TASK DATA section start

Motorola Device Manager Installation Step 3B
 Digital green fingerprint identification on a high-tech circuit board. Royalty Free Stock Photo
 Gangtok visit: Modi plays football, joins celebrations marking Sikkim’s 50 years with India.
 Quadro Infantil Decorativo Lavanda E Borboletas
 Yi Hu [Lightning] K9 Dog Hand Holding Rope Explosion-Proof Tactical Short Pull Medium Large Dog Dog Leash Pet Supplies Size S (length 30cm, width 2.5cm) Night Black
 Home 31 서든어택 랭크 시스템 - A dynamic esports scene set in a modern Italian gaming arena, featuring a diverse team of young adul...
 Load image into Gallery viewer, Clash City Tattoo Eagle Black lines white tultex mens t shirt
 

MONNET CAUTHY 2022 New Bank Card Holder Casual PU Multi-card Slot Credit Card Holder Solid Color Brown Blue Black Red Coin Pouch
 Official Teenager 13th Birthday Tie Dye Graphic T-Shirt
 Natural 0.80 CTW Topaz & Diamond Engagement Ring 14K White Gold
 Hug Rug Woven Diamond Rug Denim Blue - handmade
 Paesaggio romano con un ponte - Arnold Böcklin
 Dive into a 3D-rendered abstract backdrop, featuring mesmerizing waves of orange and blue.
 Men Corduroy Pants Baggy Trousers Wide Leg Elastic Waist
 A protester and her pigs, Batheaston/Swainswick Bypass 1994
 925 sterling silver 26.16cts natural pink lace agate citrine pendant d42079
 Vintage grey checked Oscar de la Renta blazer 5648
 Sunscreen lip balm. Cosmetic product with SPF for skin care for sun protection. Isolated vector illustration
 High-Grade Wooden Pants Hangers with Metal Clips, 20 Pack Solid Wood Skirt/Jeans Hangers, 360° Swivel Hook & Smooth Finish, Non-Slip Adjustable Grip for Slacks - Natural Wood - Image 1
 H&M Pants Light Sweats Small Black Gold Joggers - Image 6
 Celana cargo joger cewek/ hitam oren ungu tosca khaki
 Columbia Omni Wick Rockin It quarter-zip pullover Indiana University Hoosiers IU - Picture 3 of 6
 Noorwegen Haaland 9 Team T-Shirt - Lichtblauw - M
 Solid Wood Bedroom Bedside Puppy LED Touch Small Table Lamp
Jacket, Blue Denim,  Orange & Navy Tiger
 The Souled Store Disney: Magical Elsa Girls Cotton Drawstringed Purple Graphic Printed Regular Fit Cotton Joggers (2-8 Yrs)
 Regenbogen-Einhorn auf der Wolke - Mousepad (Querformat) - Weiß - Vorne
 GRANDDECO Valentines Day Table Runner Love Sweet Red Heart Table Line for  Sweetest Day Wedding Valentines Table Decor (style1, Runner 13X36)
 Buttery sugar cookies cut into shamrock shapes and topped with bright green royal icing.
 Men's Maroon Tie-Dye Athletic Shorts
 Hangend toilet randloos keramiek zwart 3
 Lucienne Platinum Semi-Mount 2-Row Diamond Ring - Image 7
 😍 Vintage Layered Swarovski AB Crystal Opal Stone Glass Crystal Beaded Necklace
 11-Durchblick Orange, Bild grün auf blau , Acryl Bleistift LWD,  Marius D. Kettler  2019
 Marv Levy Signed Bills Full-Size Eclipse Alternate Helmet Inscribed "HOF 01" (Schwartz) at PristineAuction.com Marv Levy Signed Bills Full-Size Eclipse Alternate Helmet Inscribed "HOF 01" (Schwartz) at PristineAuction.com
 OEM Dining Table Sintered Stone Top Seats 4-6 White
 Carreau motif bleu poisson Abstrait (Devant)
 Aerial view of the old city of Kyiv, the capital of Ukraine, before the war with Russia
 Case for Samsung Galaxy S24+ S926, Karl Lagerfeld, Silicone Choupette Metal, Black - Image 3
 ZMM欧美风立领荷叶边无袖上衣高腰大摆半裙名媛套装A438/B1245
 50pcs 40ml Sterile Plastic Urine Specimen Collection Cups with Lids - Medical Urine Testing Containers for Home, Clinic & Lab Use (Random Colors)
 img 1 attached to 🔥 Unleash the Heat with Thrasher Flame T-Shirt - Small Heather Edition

TASK DATA section end

• _TASK DETAILS_
Look above for the line with "Home 31 서든어택"; retype exactly that line, every line after it up to the line with "Dive into a", and that line too, nothing else.

• _ANSWER BOX_
 Home 31 서든어택 랭크 시스템 - A dynamic esports scene set in a modern Italian gaming arena, featuring a diverse team of young adul...
 Load image into Gallery viewer, Clash City Tattoo Eagle Black lines white tultex mens t shirt
 

MONNET CAUTHY 2022 New Bank Card Holder Casual PU Multi-card Slot Credit Card Holder Solid Color Brown Blue Black Red Coin Pouch
 Official Teenager 13th Birthday Tie Dye Graphic T-Shirt
 Natural 0.80 CTW Topaz & Diamond Engagement Ring 14K White Gold
 Hug Rug Woven Diamond Rug Denim Blue - handmade
 Paesaggio romano con un ponte - Arnold Böcklin
 Dive into a 3D-rendered abstract backdrop, featuring mesmerizing waves of orange and blue.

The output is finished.